§ PROMPT: Return the listing verbatim, images left out.

§ DATASET CONTENT:
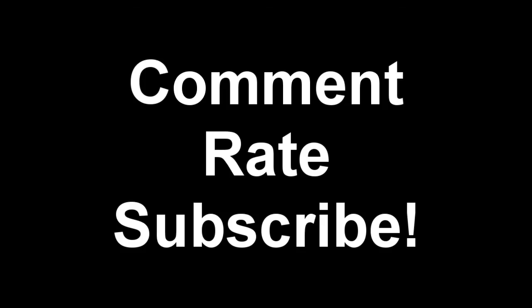Alright guys, that's it. If this video was helpful for you, please support it by comment, rating, and subscribing. It would really help me out and I'll catch you in my next video.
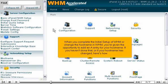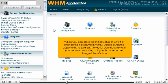When you complete the initial setup of WHM or change the hostname in WHM, you're given the opportunity to add an A entry for your hostname. If you haven't done that or if your hostname has changed, here's how.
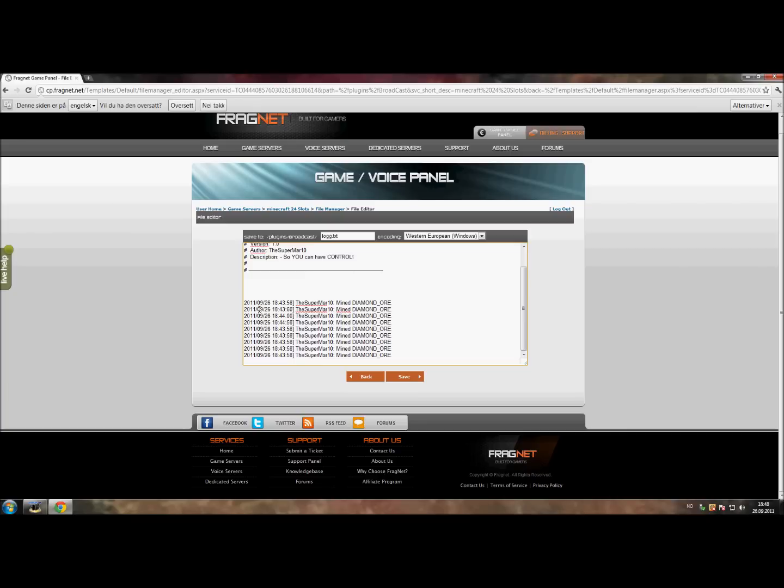I am also going to add so you can toggle on and off the broadcast and the private player message as well. But again, it's my first plugin so I hope you enjoyed. If you do have any ideas just let me know. Thank you for watching the tutorial, and thank you for using my plugin if you are doing it. Have a great time playing Minecraft.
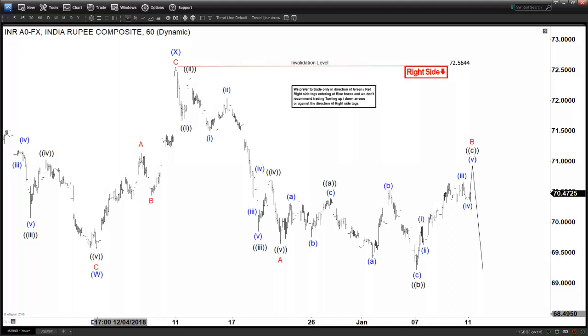Hello everyone, my name is Henry Lau from Elliotwave-focus.com. Today is Friday, January the 11th, 2019 and the time is 4 am GMT.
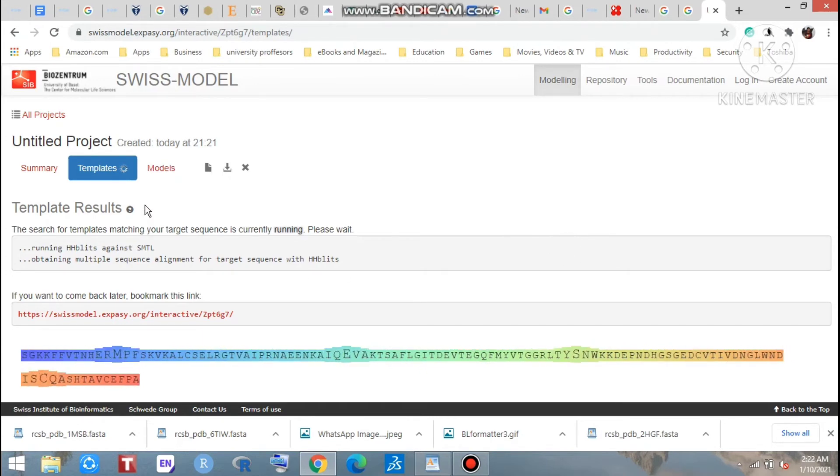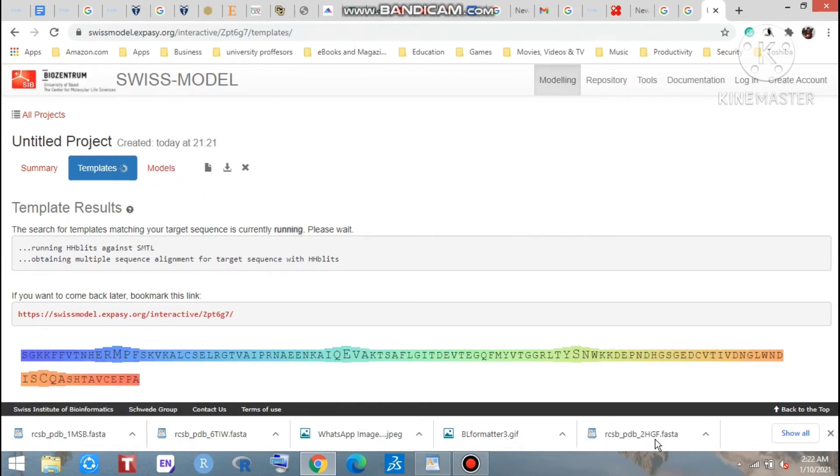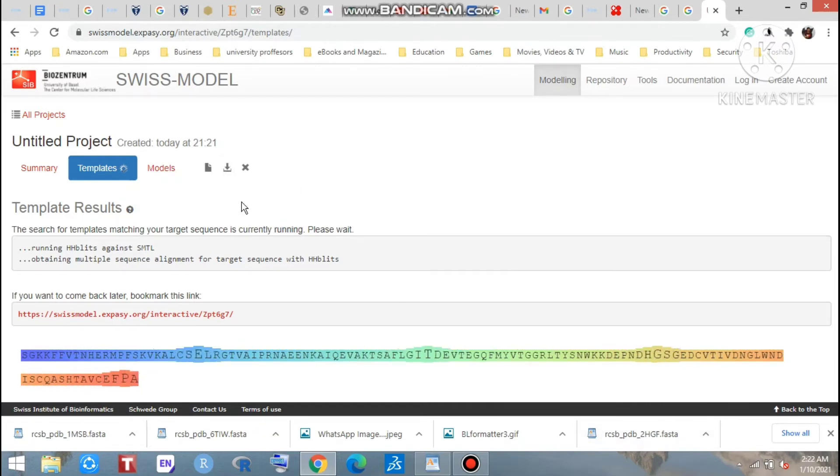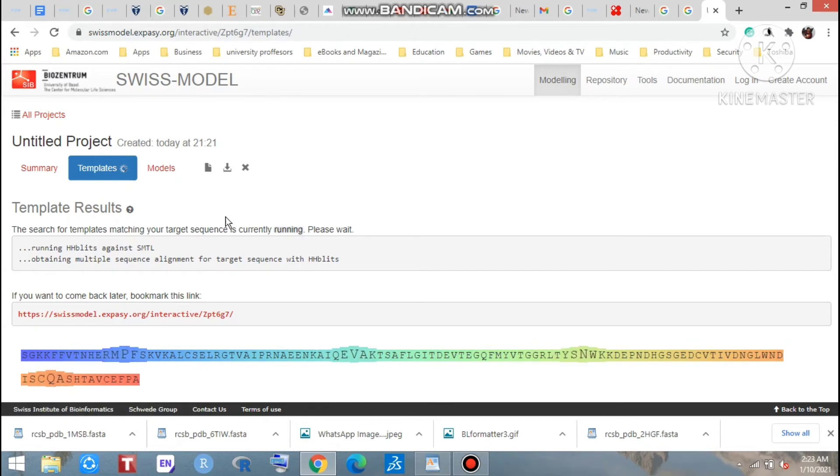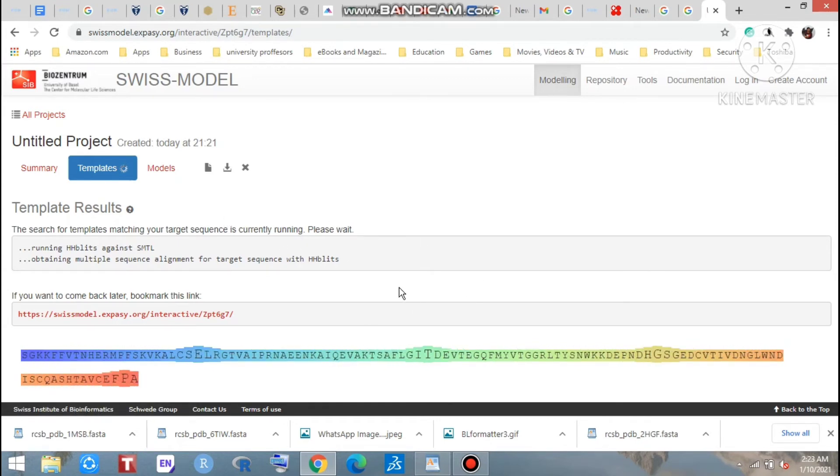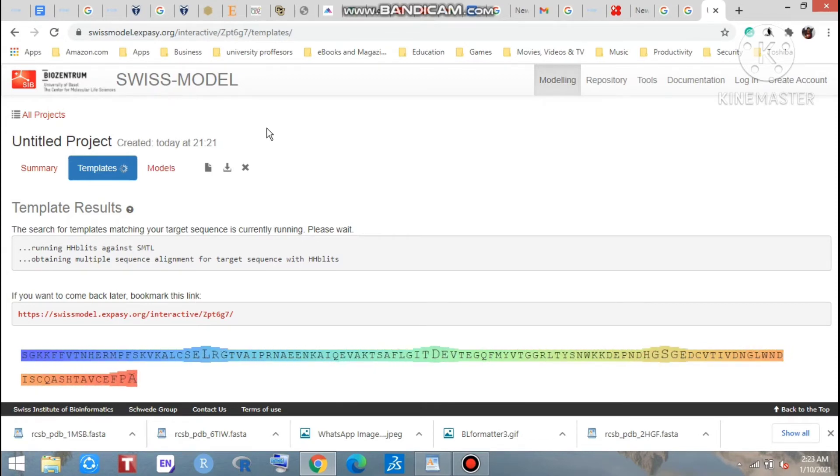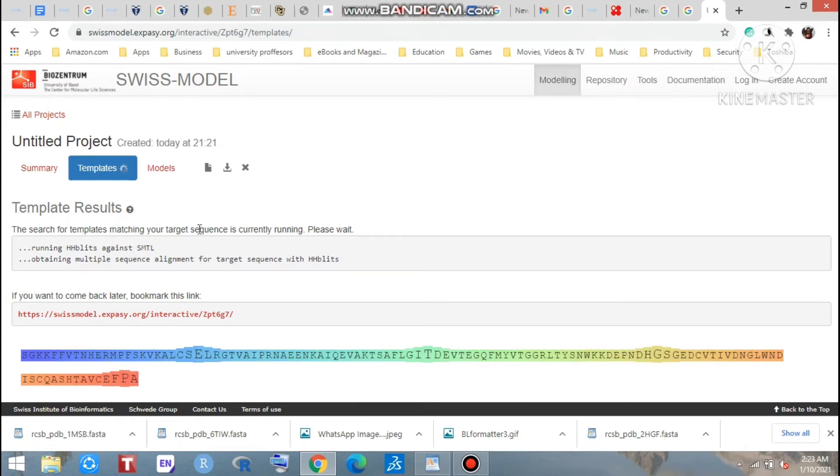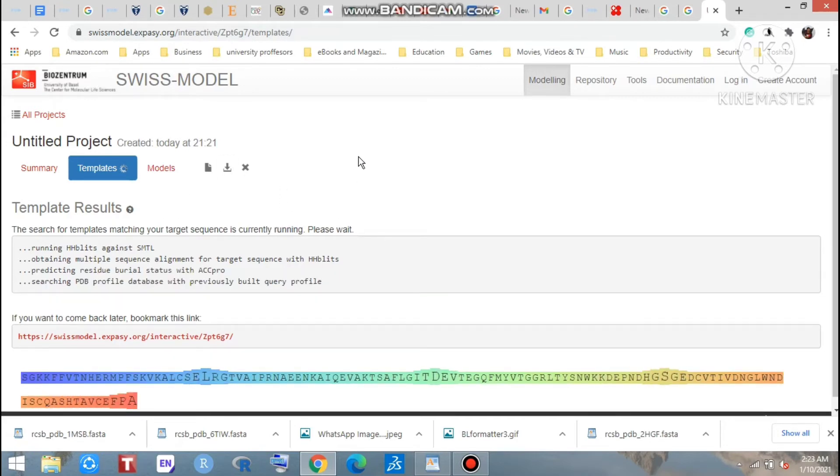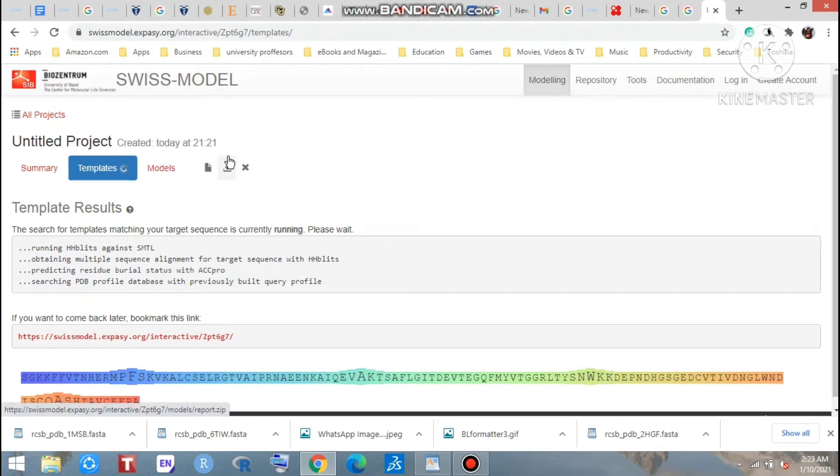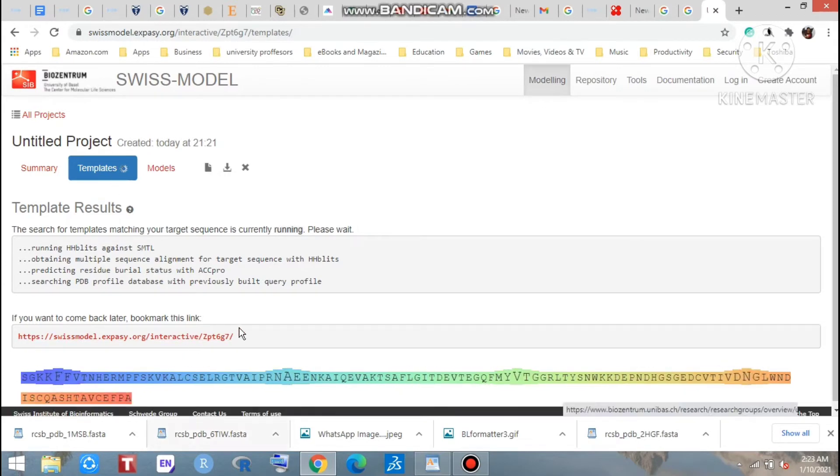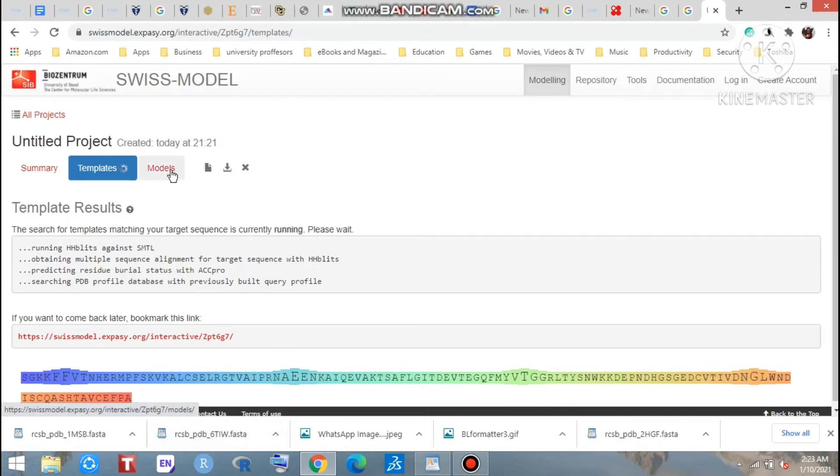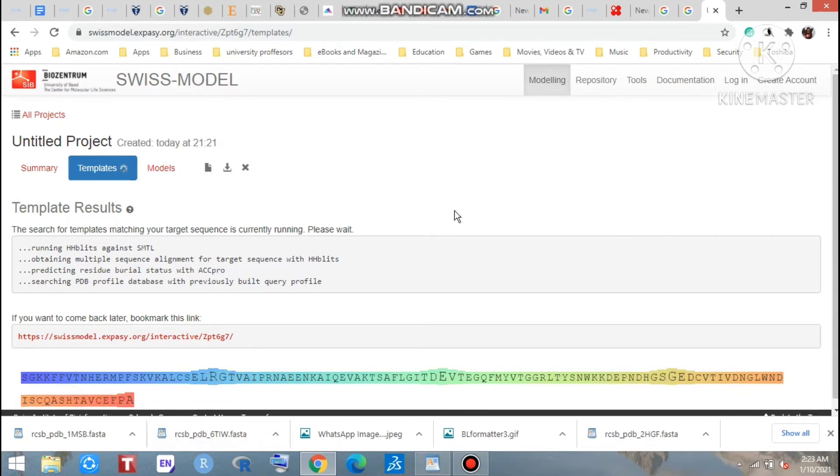Because if you go through this model building process, you will get 3D structure here, but this server is an online server, so there are some algorithms. If you don't select any template which is the best, then if you click the model, you will get a model, but that depends on the server's algorithm.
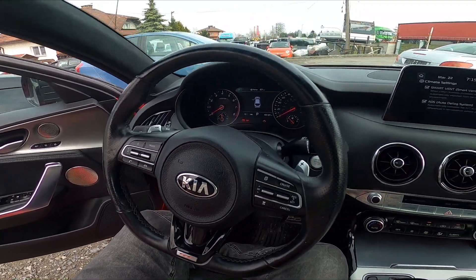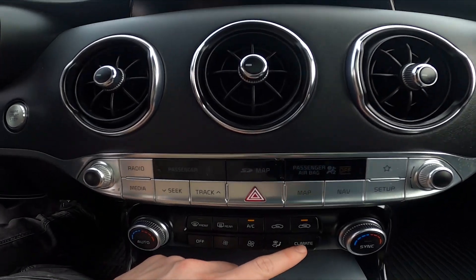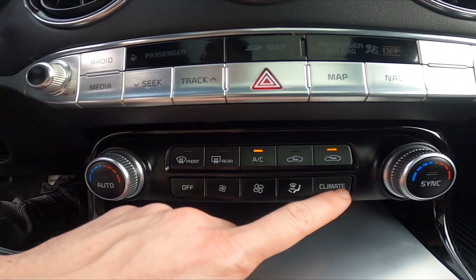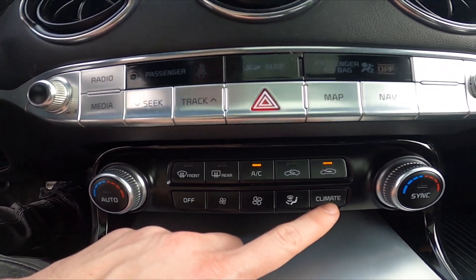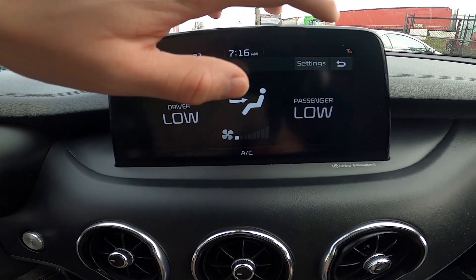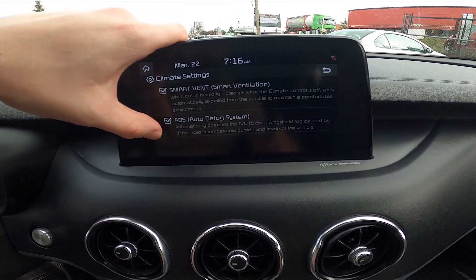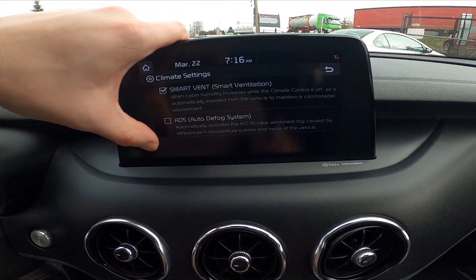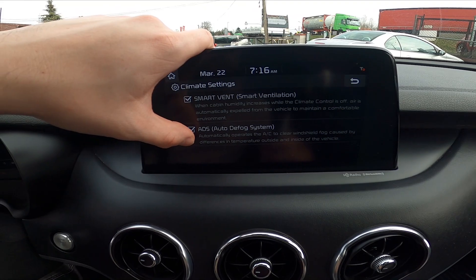In the beginning let's take a look at the climate control menu and press the climate button to enter the climate control menu. Take a look at the screen display and go to settings. Press the ADS button to enable or disable this function.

§ EXERCISE SOLUTION:
Alright guys, that's it. If this video was helpful for you, please support it by comment, rating, and subscribing. It would really help me out and I'll catch you in my next video.
When you complete the initial setup of WHM or change the hostname in WHM, you're given the opportunity to add an A entry for your hostname. If you haven't done that or if your hostname has changed, here's how.
I am also going to add so you can toggle on and off the broadcast and the private player message as well. But again, it's my first plugin so I hope you enjoyed. If you do have any ideas just let me know. Thank you for watching the tutorial, and thank you for using my plugin if you are doing it. Have a great time playing Minecraft.
Hello everyone, my name is Henry Lau from Elliotwave-focus.com. Today is Friday, January the 11th, 2019 and the time is 4 am GMT.
Because if you go through this model building process, you will get 3D structure here, but this server is an online server, so there are some algorithms. If you don't select any template which is the best, then if you click the model, you will get a model, but that depends on the server's algorithm.
In the beginning let's take a look at the climate control menu and press the climate button to enter the climate control menu. Take a look at the screen display and go to settings. Press the ADS button to enable or disable this function.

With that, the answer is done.